Bevor das Kind wirklich in die andere Schule oder Klasse wechselt, sollte es die Möglichkeit für ein "Hineinschnuppern" haben, um ihr oder ihm die Sicherheit zu geben, dass dies erst einmal ausprobiert und auch noch rückgängig gemacht werden kann. Meist entspannen sich Kinder bei dem Gedanken daran, erstmals einen Versuch wagen zu können. Auch für Eltern und Bezugspersonen ist es eine Erleichterung, nicht gleich eine so folgenschwere Entscheidung treffen zu müssen, sondern mit Ruhe und Bedacht nach genauem Hinsehen zu einem Entschluss zu gelangen.

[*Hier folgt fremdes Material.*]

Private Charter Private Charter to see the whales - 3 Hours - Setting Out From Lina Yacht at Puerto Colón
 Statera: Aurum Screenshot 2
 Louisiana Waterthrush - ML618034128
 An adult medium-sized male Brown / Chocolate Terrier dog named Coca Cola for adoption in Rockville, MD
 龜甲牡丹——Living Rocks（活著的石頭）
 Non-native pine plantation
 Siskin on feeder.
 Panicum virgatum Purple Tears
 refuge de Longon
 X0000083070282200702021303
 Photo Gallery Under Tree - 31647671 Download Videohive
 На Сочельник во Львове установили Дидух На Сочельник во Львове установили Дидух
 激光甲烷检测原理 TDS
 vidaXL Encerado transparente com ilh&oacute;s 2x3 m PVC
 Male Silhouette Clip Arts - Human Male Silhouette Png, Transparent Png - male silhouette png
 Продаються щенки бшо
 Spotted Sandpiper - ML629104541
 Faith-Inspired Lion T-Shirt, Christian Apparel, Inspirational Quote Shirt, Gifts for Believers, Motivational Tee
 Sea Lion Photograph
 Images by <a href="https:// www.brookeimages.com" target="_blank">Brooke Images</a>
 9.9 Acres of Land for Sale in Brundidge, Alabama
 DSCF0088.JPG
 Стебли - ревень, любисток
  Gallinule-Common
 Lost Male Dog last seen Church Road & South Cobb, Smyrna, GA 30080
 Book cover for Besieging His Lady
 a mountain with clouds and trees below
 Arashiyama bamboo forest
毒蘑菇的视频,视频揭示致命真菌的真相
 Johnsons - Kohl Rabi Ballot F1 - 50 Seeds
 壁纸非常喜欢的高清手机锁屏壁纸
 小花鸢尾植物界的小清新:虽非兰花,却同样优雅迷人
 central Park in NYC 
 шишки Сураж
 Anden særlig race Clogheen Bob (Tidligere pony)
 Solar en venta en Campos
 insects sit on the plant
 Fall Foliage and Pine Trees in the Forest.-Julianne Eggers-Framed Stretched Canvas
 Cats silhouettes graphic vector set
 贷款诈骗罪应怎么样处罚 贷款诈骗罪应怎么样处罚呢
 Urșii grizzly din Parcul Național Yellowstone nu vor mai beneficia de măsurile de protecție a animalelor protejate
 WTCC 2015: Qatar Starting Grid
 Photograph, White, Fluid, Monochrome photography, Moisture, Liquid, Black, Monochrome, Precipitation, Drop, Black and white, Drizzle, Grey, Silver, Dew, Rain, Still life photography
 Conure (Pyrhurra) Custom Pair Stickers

Bedeutsam für so einen Schritt ist es, dass den Eltern und Bezugspersonen und auch dem Kind klar sein sollte, dass es in der neuen Schule oder Klasse andere Leistungen bringen wird müssen und sich die Situation mit den guten Noten eventuell auch ganz schnell wenden kann. Möglicherweise fehlt ein Stoffgebiet, das erst neu gelernt werden muss. Dies kann dazu führen, dass erstmal die Leistungen etwas absinken und sich deshalb erneut Frustration einstellen kann. Es sollte allen Beteiligten klar sein, dass in der neuen Klasse die Anforderungen anders sind und das Kind sich erst einfinden muss.

Wenn aber klar ist, dass es nur eine vorübergehende Zeitspanne dauert, bis der Stoff aufgeholt ist, dann bedeutet dies durchaus, dass sich die Entscheidung für Kind, Eltern und Pädagoginnen und Pädagogen gelohnt hat. ...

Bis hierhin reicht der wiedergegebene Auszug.